ERIC Number: ED326577
Record Type: RIE
Publication Date: 1990-Oct
Reference Count: N/A
Comparing and Contrasting Neural Net Solutions to Classical Statistical Solutions.
Van Nelson, C.; Neff, Kathryn J.
Data from two studies in which subjects were classified as successful or unsuccessful were analyzed using neural net technology after being analyzed with a linear regression function. Data were obtained from admission records of 201 students admitted to undergraduate and 285 students admitted to graduate programs. Data included grade point averages, admission test scores, grades, gender, class rank, course instructor, and course grades. The neural net models used were the Adeline model and the Layer Back-propagation model. The neural net model makes no assumptions about the underlying distribution of the observations. In general, a neural network may be defined as a non-programmed information reduction system that develops processing abilities in response to its environment. The function of the neural network is to learn from examples. The study findings indicate that the results obtained using the neural net models are comparable with, but not the same as, those of the classical statistical approach. While the neural net technology is not a replacement for the classical techniques, it may represent a viable alternative when certain assumptions of the statistical model are grossly violated. (TJH)
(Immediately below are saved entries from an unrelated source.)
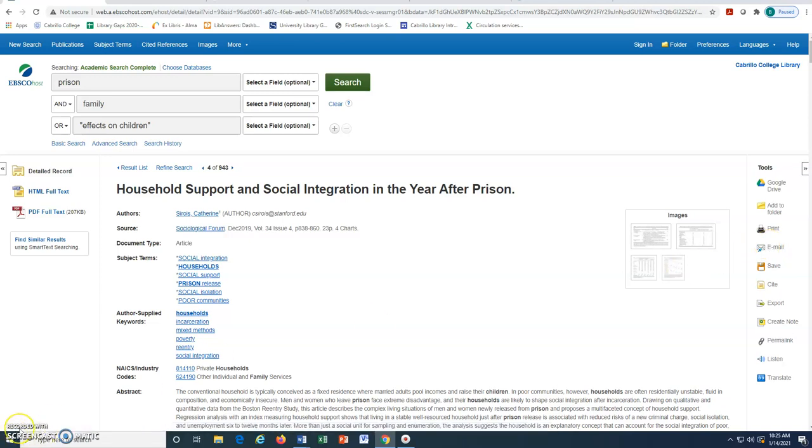For additional questions or research and citation help, please use the Ask a Question link on the library homepage to email or chat with a librarian.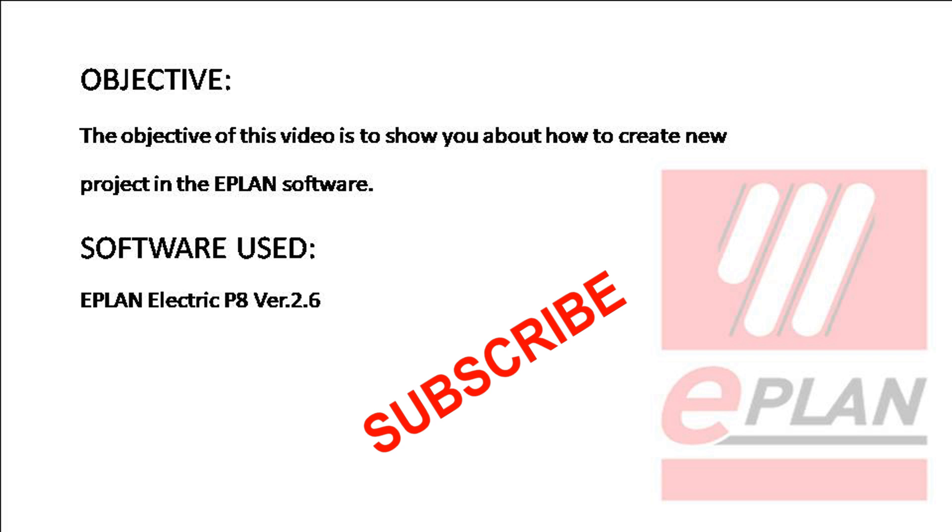Before starting, please subscribe to my channel. This is necessary to maintain the operation of the channel.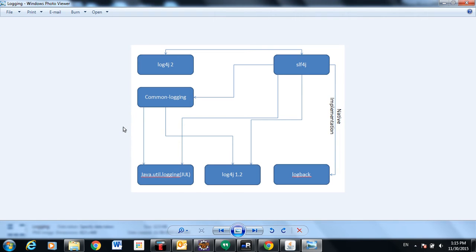In this video I would like to show how to use logging and what are the requirements of logging in applications. First, what is logging? We need to put some statements in application code so that at runtime we can verify whether the output is correct or if we are getting any errors while running an application.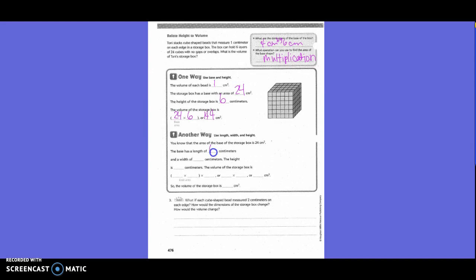Another method: use length times width times height. The area of the base of the storage box is 24 centimeters squared. The base has a length of six centimeters and a width of four centimeters. The height is six centimeters. So the volume is six times four times six, which equals 144 centimeters cubed.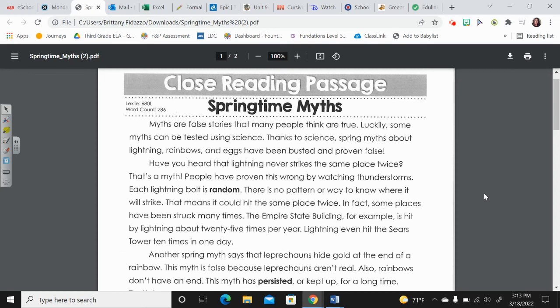Hi, 3rd Grade. Today we're going to read the close reading passage called Springtime Myths.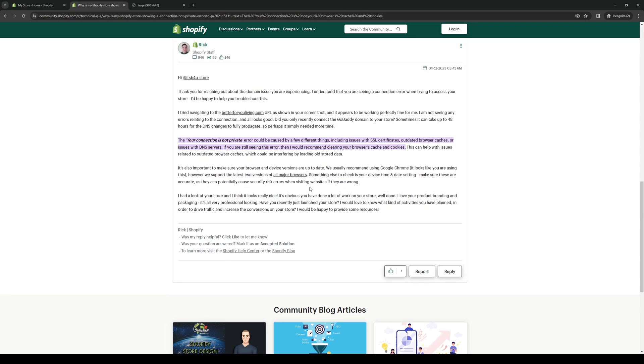He goes on to say that the 'your connection is not private' error could be caused by a few different things including issues with SSL certificates, outdated browser caches, issues with DNS servers, and so on. The way to fix it is by clearing your browser's cache and cookies, and to do so is quite simple.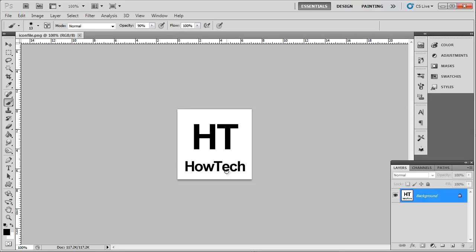First of all, you are going to need to have a PNG file that you want to convert to an ICO. Here you can see that we have the file open in Photoshop.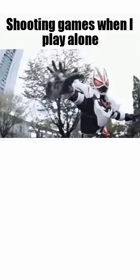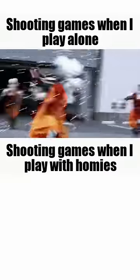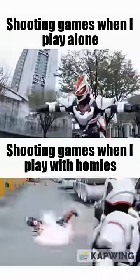Shooting games when I play alone. Shooting games when I play with homies.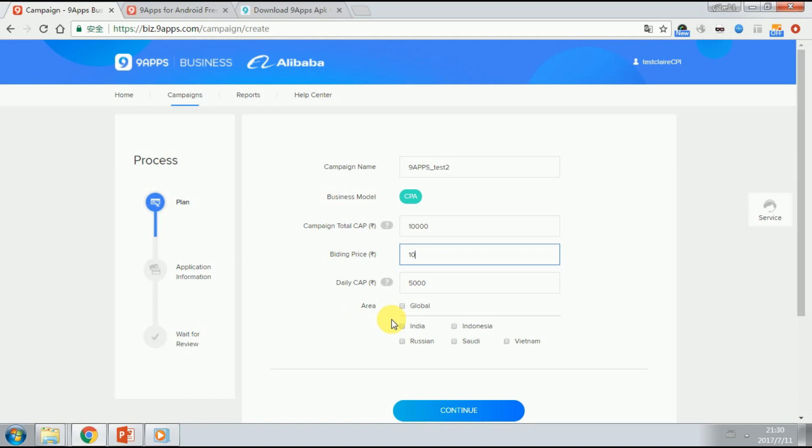The area, which means the target user you want from the following area. Just choose the one of these countries you need.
Descriptors: Admission Criteria, Artificial Intelligence, Class Rank, College Entrance Examinations, Comparative Analysis, Equations (Mathematics), Failure, Grade Point Average, Grades (Scholastic), Graduate Students, Higher Education, Mathematical Models, Regression (Statistics), Sex Differences, Success, Undergraduate Students
Publication Type: Reports - Research; Speeches/Meeting Papers
Education Level: N/A
Authoring Institution: N/A
Identifiers: Neural Net Models
Note: Paper presented at the Annual Meeting of the Midwestern Educational Research Association (Chicago, IL, October 19, 1990).